At review assessment all nutritional outcomes had improved. Median weight change improved from -6.9% to +1.9%, and only 4% of patients lost ≥5% of their weight. Median handgrip improved from 26.4 to 30.6kg, with only 19% now scoring ≤85% of normal. Median Short PG-SGA reduced to 0 from 7 and GSRS improved from 12.5 at baseline to 5 at review, suggesting malabsorption symptoms were better controlled.
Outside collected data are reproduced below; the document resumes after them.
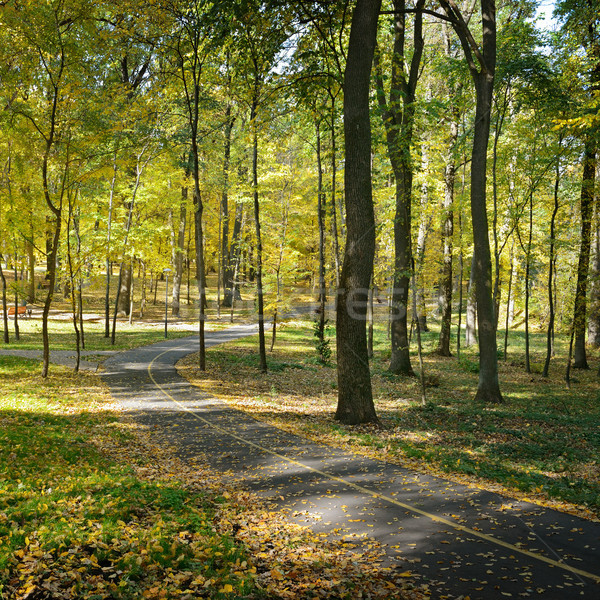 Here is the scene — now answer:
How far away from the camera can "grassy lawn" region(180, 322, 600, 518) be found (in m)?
7.40

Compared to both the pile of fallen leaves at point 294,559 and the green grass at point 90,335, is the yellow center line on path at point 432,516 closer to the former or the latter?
the pile of fallen leaves at point 294,559

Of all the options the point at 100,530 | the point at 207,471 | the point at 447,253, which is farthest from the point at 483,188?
the point at 100,530

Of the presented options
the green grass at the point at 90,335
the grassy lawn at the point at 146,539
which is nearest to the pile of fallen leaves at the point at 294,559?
the grassy lawn at the point at 146,539

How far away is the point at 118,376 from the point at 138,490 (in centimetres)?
1061

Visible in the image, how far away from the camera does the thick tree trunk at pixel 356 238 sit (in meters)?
9.52

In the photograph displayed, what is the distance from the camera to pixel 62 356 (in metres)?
18.7

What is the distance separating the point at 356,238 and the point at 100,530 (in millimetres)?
7129

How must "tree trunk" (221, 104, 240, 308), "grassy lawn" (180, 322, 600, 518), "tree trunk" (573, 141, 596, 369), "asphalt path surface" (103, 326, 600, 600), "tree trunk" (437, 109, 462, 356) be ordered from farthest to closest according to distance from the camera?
"tree trunk" (221, 104, 240, 308) → "tree trunk" (437, 109, 462, 356) → "tree trunk" (573, 141, 596, 369) → "grassy lawn" (180, 322, 600, 518) → "asphalt path surface" (103, 326, 600, 600)

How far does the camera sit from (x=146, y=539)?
459cm

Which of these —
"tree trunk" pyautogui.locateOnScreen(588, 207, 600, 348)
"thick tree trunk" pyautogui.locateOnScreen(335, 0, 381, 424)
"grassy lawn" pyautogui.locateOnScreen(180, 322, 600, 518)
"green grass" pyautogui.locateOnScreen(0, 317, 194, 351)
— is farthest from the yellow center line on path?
"tree trunk" pyautogui.locateOnScreen(588, 207, 600, 348)

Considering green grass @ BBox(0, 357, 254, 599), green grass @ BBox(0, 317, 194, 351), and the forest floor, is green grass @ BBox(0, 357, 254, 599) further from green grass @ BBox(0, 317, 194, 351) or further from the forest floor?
green grass @ BBox(0, 317, 194, 351)

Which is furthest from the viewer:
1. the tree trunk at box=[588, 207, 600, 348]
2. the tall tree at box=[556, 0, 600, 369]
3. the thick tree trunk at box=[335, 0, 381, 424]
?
the tree trunk at box=[588, 207, 600, 348]

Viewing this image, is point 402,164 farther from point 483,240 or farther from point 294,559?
point 294,559

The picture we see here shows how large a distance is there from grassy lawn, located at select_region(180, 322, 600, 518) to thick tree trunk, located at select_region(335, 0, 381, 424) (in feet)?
3.01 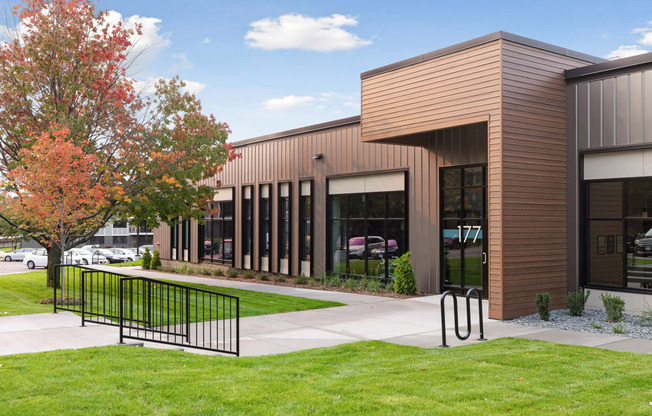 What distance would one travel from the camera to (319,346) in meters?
10.1

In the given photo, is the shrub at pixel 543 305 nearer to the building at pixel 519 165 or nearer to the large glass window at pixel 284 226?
the building at pixel 519 165

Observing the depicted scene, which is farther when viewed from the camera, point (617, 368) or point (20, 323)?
point (20, 323)

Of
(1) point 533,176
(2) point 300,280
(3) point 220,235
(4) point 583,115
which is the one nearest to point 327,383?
(1) point 533,176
Subjective patient data was also collected along the pathway using the Nutrition and Dietetic Patient Outcomes Questionnaire, as shown in the graphs below.

Graph 1Graph 2

After treatment patient interviews were conducted to gain further feedback and a summary of comments are shown below.

Pic 3

The project has been very well received and achievements during our first year included presenting at several national conferences, chosen as best project at a trust innovation event and supported in Manchester Cancer Action Plan for delivering world class care published 2017. This resulted in further funding for a second year and we aim to complete our final data analysis over the coming months. Our long term aim is for this service to be embedded into standard patient care, allowing all high risk patients to receive appropriate AHP support throughout their surgical treatment pathway.

Neil

 

Written by: Neil Bibby, Macmillan Specialist HPB Dietitian

@NeilBibby87

 

 

References

  • Tan BH, Birdsell LA, Martin L, Baracos VE, Fearon KC. Sarcopenia in an overweight or obese patient is an adverse prognostic factor in pancreatic cancer. Clin Cancer Res. 2009;15(22):6973-9.
  • Pecorelli N, Carrara G, De Cobelli F, Cristel G, Damascelli A, Balzano G, et al. Effect of sarcopenia and visceral obesity on mortality and pancreatic fistula following pancreatic cancer surgery. Br J Surg. 2016;103(4):434-42.
  • Carrara G, Pecorelli N, De Cobelli F, Cristel G, Damascelli A, Beretta L, et al. Preoperative sarcopenia determinants in pancreatic cancer patients. Clin Nutr. 2017;36(6):1649-53.
  • Choi Y, Oh DY, Kim TY, Lee KH, Han SW, Im SA, et al. Skeletal Muscle Depletion Predicts the Prognosis of Patients with Advanced Pancreatic Cancer Undergoing Palliative Chemotherapy, Independent of Body Mass Index. PLoS One. 2015;10(10):e0139749.
  • Harimoto N, Shirabe K, Yamashita YI, Ikegami T, Yoshizumi T, Soejima Y, et al. Sarcopenia as a predictor of prognosis in patients following hepatectomy for hepatocellular carcinoma. Br J Surg. 2013;100(11):1523-30.